Art in Peru: a look at its identity through its creators
Peru reveals itself through the gaze of those who have translated it into form, color, and symbol. To travel through it is, in essence, to move across a work in constant construction.
This reading begins with
José Sabogal, who in the 1920s understood that identity should not be sought outward, but within the depth of one’s own roots. In his brushstrokes, the Andean face ceased to be invisible and became central. From that moment on, Peruvian art changed its direction.

That same search, years later, took on another form in
Víctor Humareda. From a room in the old Hotel Lima, his painting absorbed the city: the streets, the night, the melancholy. He did not document—he transformed. And in doing so, Lima gained a more intimate, more human dimension.

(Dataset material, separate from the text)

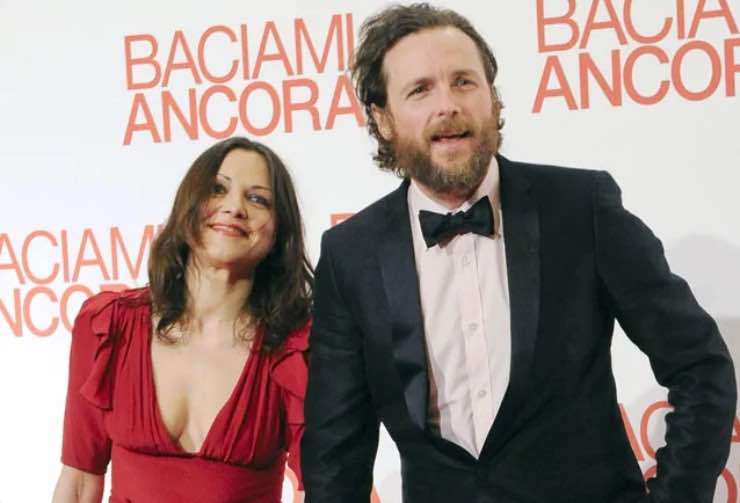 Jovanotti con la moglie - fonte_web - focusicilia.it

The journey then moves into a more abstract plane with
Fernando de Szyszlo, who succeeded in translating pre-Columbian thought into a contemporary language. In works such as Apu Inca Atawallpaman, the past is not represented—it is manifested. This same atmosphere extends into the universe of
Tilsa Tsuchiya, where the mythical and the dreamlike coexist without boundaries.

But art in Peru is also matter and tension. In the work of
Víctor Delfín, volume dialogues with the landscape, while
José Tola and
José Luis
Carranza
explore the human condition with an intensity that does not seek answers, but confrontation.
Today, this narrative continues through new languages and spaces. On the walls of Lima, artists like
Jade Rivera reinterpret Andean imagery through urban art, reclaiming symbols, characters, and memories that remain part of contemporary identity.
Thus, Peruvian art is not understood as a succession of styles, but as an ongoing conversation between past and present—a living narrative that continues to evolve and allows the traveler to discover the country through one of its deepest expressions.